A Federal Aviation Administration (FAA) spokesman said Tuesday that work on relocating the localizer started May 2 and should be done in another two weeks.
What about the crosswind runway; why couldn’t it be used?
Runway 16, which comes in over Ann & Hope, does not have an ILS. Coming from the opposite direction over Sandy Lane, Runway 34 is a Category 1 system, meaning it can’t be used once visibility drops below 1,200 feet.
The convergence of repairs to the localizer, the failed antenna and reduced visibility caused 11 diversions and four canceled flights last Wednesday, Rhode Island Airport Corporation President Kevin Dillon said Monday. He also reported that the antenna had been repaired for Runway 23, seemingly reducing the possibility that the airport would be shut down for low visibility in the near future.
But this Tuesday there was another round of diversions and cancellations.
The antenna had been repaired, but in order to be activated, it needed a flight check. The FAA had not done that, even though the skies were clear over the weekend.
“As soon as weather conditions permit, the FAA expects to flight check the Instrument Landing System for Runway 23 at T.F. Green Airport to ensure that the equipment is working properly after recent repairs. Bad weather over the last several days has delayed the flight check,” the FAA responded. Further, it was pointed out that the check must be scheduled because the planes that do that work are based in Oklahoma City.

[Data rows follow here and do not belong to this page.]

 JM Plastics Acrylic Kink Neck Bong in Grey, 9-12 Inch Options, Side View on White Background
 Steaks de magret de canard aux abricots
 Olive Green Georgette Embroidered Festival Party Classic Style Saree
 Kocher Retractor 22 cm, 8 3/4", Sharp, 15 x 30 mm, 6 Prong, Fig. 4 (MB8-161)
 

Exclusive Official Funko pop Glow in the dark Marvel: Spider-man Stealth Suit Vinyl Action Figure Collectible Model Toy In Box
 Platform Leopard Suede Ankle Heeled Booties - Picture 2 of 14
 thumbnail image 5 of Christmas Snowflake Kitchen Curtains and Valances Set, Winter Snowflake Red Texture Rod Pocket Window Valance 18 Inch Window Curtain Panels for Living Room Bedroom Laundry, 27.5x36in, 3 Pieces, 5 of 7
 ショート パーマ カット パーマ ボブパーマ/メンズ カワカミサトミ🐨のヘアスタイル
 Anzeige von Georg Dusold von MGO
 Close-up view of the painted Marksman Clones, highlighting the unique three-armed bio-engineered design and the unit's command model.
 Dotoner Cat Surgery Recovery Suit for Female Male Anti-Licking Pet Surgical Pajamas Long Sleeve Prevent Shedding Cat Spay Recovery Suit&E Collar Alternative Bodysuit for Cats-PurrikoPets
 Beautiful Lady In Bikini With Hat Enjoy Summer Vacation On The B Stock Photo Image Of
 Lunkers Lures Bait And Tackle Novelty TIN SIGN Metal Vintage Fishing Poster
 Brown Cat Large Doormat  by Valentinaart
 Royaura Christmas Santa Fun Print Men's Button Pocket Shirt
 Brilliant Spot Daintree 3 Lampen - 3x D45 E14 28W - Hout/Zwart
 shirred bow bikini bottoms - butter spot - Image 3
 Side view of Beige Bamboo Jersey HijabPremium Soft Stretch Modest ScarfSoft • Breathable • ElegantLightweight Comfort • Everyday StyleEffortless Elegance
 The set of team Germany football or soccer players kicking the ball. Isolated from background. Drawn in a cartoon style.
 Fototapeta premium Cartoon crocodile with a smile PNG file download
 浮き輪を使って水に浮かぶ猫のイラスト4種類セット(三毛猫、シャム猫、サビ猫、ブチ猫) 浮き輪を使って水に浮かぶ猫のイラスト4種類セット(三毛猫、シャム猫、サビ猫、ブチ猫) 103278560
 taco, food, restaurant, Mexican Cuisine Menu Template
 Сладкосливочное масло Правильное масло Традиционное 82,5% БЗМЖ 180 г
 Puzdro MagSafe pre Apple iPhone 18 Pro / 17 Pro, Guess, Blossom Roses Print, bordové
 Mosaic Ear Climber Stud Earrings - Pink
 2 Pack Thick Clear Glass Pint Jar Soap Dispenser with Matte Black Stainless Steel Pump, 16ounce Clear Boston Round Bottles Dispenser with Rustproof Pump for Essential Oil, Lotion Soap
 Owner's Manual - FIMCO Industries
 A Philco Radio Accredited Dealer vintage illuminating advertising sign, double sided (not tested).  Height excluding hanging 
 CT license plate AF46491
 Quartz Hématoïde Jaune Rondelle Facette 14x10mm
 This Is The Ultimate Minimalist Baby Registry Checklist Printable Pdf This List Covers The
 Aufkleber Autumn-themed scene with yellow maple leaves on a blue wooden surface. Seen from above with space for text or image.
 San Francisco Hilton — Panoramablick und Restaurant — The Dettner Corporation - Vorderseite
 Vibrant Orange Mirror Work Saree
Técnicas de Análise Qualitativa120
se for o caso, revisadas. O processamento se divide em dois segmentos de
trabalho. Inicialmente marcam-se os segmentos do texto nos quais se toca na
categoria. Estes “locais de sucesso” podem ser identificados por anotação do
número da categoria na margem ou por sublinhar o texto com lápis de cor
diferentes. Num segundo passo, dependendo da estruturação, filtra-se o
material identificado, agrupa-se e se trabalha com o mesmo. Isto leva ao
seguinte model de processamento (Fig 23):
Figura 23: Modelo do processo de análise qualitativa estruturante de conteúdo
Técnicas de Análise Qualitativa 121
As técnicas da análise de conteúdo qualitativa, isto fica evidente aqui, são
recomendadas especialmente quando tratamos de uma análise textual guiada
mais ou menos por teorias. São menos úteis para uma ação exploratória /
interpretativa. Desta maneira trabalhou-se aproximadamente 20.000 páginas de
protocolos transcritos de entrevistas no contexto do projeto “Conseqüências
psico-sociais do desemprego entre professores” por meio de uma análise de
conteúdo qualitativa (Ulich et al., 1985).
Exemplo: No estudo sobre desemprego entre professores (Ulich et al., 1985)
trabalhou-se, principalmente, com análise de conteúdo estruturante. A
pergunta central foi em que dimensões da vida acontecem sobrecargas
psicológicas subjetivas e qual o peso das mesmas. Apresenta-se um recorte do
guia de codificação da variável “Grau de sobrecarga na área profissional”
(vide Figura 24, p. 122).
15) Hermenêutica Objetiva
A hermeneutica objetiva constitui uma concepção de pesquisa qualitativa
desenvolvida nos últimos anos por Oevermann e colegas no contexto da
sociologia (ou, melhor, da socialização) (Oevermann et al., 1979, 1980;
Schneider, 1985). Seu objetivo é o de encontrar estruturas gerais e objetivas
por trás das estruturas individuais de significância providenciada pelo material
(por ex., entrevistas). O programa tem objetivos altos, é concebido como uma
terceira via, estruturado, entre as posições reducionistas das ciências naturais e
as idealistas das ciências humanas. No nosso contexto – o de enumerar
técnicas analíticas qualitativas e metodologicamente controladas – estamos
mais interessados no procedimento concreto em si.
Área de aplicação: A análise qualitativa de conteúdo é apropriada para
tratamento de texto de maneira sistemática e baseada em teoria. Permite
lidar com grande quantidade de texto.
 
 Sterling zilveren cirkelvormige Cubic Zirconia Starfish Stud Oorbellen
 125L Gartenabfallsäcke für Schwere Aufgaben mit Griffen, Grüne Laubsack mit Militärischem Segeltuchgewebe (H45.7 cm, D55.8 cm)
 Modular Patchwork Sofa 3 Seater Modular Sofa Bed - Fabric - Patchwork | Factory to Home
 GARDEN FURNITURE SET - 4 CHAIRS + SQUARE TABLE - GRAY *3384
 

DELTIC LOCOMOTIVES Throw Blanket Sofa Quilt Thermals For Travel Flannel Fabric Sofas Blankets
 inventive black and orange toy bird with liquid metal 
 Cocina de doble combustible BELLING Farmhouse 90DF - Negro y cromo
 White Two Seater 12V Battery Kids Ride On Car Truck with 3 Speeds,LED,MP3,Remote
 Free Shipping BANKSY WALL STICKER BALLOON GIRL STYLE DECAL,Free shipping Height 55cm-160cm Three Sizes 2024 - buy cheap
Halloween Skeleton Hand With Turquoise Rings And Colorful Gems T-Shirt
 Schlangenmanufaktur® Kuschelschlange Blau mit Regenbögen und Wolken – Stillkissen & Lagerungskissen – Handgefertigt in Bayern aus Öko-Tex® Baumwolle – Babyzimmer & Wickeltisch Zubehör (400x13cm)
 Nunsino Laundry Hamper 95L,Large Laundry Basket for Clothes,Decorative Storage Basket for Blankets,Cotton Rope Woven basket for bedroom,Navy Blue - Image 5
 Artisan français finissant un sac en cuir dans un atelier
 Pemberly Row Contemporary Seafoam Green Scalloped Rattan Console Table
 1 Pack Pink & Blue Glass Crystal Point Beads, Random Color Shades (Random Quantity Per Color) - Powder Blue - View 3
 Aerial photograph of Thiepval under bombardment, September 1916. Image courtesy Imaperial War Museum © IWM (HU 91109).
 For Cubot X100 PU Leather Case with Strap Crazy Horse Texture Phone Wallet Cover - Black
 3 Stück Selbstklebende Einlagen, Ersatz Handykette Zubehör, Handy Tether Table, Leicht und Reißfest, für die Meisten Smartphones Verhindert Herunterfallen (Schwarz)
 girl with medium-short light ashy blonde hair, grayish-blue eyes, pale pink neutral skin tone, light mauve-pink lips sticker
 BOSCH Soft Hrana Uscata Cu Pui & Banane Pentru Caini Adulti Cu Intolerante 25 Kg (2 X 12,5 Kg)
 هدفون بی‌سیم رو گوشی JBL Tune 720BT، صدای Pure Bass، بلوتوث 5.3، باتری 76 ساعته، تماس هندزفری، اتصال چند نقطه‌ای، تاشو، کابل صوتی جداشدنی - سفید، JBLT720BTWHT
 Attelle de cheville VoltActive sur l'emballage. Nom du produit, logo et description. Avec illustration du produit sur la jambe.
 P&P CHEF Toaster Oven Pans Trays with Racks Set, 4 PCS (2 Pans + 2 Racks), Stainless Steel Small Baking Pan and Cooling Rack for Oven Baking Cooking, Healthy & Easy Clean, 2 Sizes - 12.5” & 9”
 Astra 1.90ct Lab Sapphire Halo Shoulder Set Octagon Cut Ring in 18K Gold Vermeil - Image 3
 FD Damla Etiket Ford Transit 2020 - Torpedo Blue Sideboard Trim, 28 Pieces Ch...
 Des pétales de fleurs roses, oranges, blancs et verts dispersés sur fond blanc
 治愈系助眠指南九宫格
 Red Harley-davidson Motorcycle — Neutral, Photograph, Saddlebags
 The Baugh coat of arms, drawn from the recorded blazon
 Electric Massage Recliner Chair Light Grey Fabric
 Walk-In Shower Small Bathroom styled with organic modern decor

Dillon was hopeful the flight check could be performed Wednesday if the weather permits.
Even when the localizer is back up and working, it will be some time before Runway 5 is restored to a Category 3 system. When first initiated, the runway will be a Category 1 system and only after a “burn in” of about 1,000 hours can it regain its superior Category 3 status.
During diversions, Dillon explained, planes scheduled to arrive at Green are directed to other airports where they will wait for improved weather conditions before resuming their flights. Cancellations are more problematic because the arriving plane is not here for an outgoing flight.
“It’s a double impact,” said Dillon.